Hon. James A. Seddon (Va.) has been appointed Secretary of War. He is an able man (purely a civilian), and was member of our Revolutionary Convention, at Metropolitan Hall, l6th April, 1861. But some thought him then rather inclined to restrain than to urge decisive action. He is an orator, rich, and frail in health. He will not remain long in office if he attempts to perform all the duties.
Two letters were received from Gen. Lee to-day. Both came unsealed and open, an omission of his adjutant-general, Mason. The first inclines to the belief that Burnside intends to embark his army for the south side of James River, to operate probably in Eastern North Carolina.

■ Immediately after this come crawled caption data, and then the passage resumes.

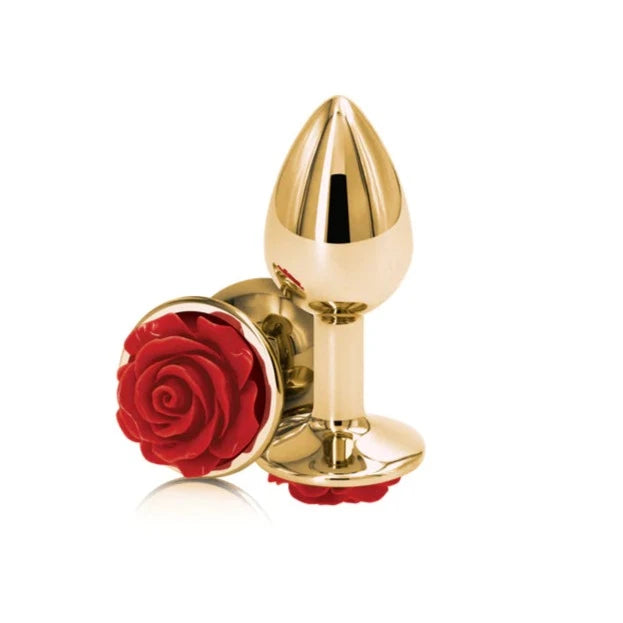 Small Gold Plug with Red Rose Dildo by NS Novelties- The Nookie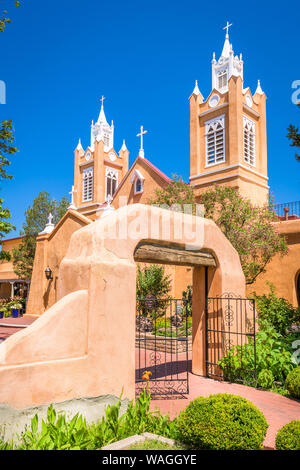 Albuquerque, New Mexico, USA am historischen San Felipe de Neri Kirche. Stockfoto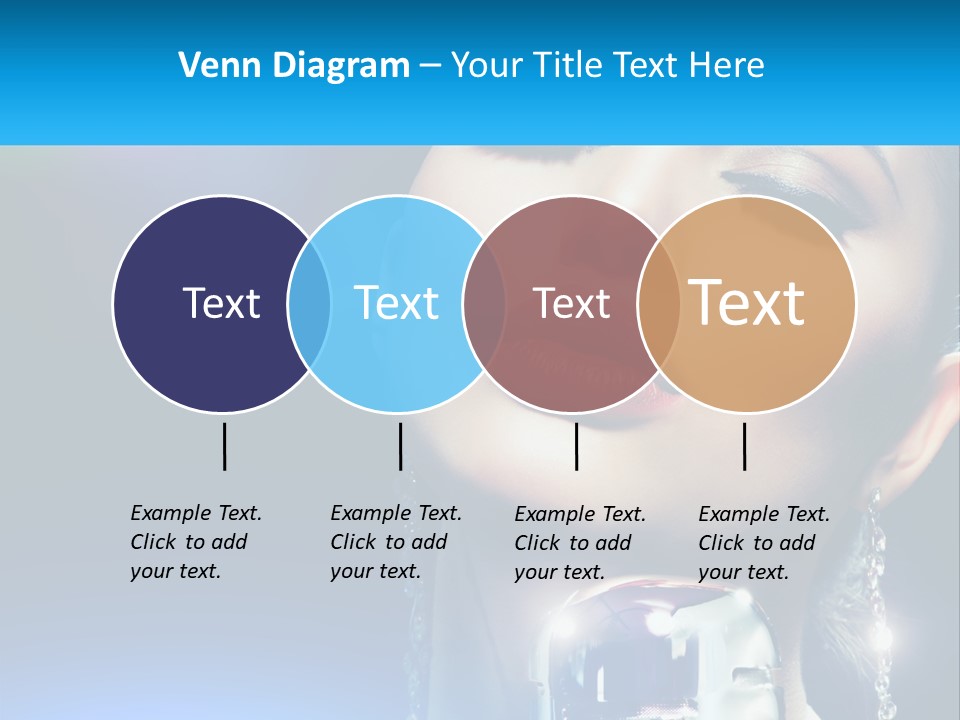 A Woman With A Red Lipstick And A Blue Background PowerPoint Template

The second, dated 17th inst. P.M., says the scouts report large masses advancing on Fredericksburg, and it may be Burnside's purpose to make that town his base of operations. (Perhaps for a pleasant excursion to Richmond.) Three brigades of the enemy had certainly marched to Fredericksburg. A division of Longstreet's corps were marched thither yesterday, 18th, at early dawn. Lee says if the reports of the scouts be confirmed, the entire corps will follow immediately. And he adds: “Before the enemy's trains can leave Fredericksburg (for Richmond) this whole army will be in position.” These letters were sent immediately to the President.
A letter from Gen. Holmes' calls for an immediate supply of funds ($24,000,000) for the trans-Mississippi Department. A letter from Gen. Pike says if Gen. Hindman (Ark.) is to control there, the Indian Country will be lost.
We shall soon have a solution of Burnside's intentions. Lee is in spirits. He knows Burnside can be easily beaten with greatly inferior numbers.
We hear of sanguinary acts in Missouri — ten men (civilians) being shot in retaliation for one killed by our rangers. These acts exasperate our people, and will stimulate them to a heroic defense.
The cars this afternoon from the vicinity of Fredericksburg were crowded with negroes, having bundles of clothing, etc., their owners sending them hither to escape the enemy. A frightened Jew, who came in the train, said there was an army of 100,000 near Fredericksburg, and we should hear more in a few days. I doubt it not.
Salt sold yesterday at auction for $1.10 per pound. Boots are now bringing $50 per pair; candles (tallow) 75 cts. per pound; butter $2.00 per pound. Clothing is almost unattainable. We are all looking shabby enough.
Mr. K., the young Chief of the Bureau, who came in with Mr. Randolph, declines the honor of going out with him, to the great chagrin of several anxious applicants. It is an office “for life.”
I shall despair of success unless the President puts a stop to Gen. Winder's passport operations, for, if the enemy be kept advised of our destitute condition, there will be no relaxation of efforts to subjugate us. And Europe, too, will refuse to recognize us. I believe there are traitors in high places here who encourage the belief in the North and in Europe that we must soon succumb. And some few of our influential great men might be disposed to favor reconstruction of the Union on the basis of the Democratic party which has just carried the elections in the North.
Everything depends upon the result of approaching military operations. If the enemy be defeated, and the Democrats of the North should call for a National Convention — but why anticipate?